• [DATA SHOWN]
++++++++

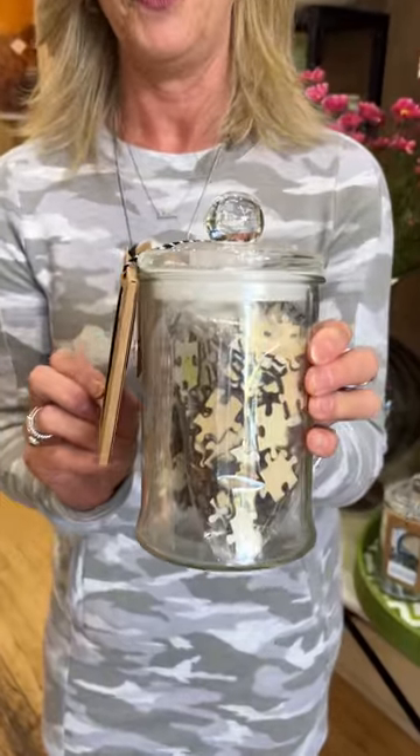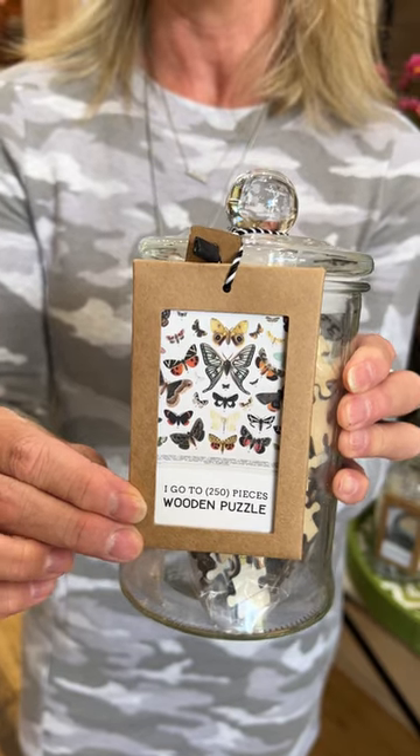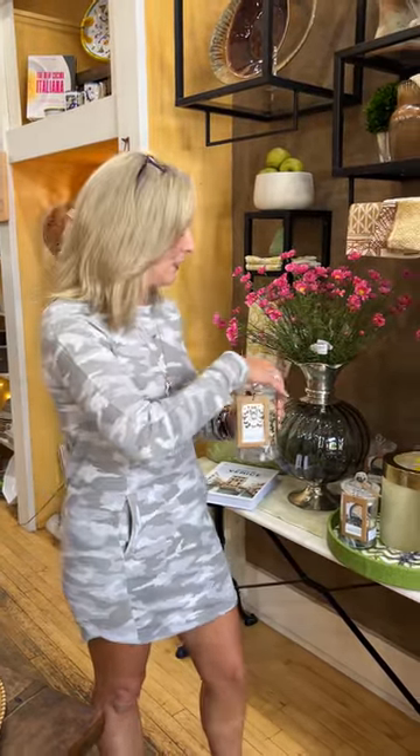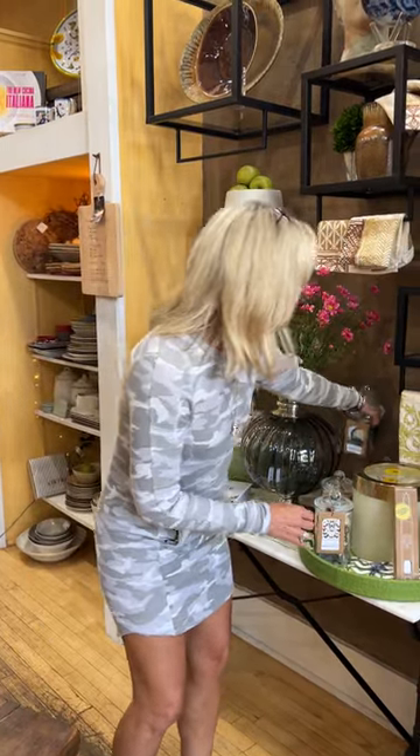These adorable glass jars filled with wooden puzzle pieces — and we'll come over here. They're wooden so they have what they refer to as that satisfying snap when you finally find the right piece to go together. They also have some fun unique pieces within each puzzle that would be an identifier of the puzzle itself.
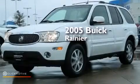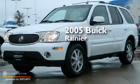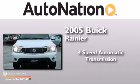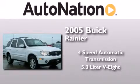This is a 2005 Buick Rainier. This SUV has a 4-speed automatic transmission, a 5.3-liter V8, and all-wheel drive.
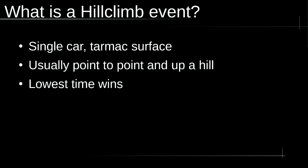A Hill Climb event is a tarmac event. It's a single car event, generally point to point rather than a loop on a circuit, so the start line and the finish line are in physically different locations. It's often held on a closed road, sometimes on a closed circuit, but overall it's the lowest time between the start and finish that wins the event — the elapsed time between start and finish line.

++++++++

• [WHAT THE TASK ASKS]
All of the material above goes into the copy exactly as is; the pictures do not.

• [SOLUTION TO THE PROBLEM]
These adorable glass jars filled with wooden puzzle pieces — and we'll come over here. They're wooden so they have what they refer to as that satisfying snap when you finally find the right piece to go together. They also have some fun unique pieces within each puzzle that would be an identifier of the puzzle itself.
This is a 2005 Buick Rainier. This SUV has a 4-speed automatic transmission, a 5.3-liter V8, and all-wheel drive.
A Hill Climb event is a tarmac event. It's a single car event, generally point to point rather than a loop on a circuit, so the start line and the finish line are in physically different locations. It's often held on a closed road, sometimes on a closed circuit, but overall it's the lowest time between the start and finish that wins the event — the elapsed time between start and finish line.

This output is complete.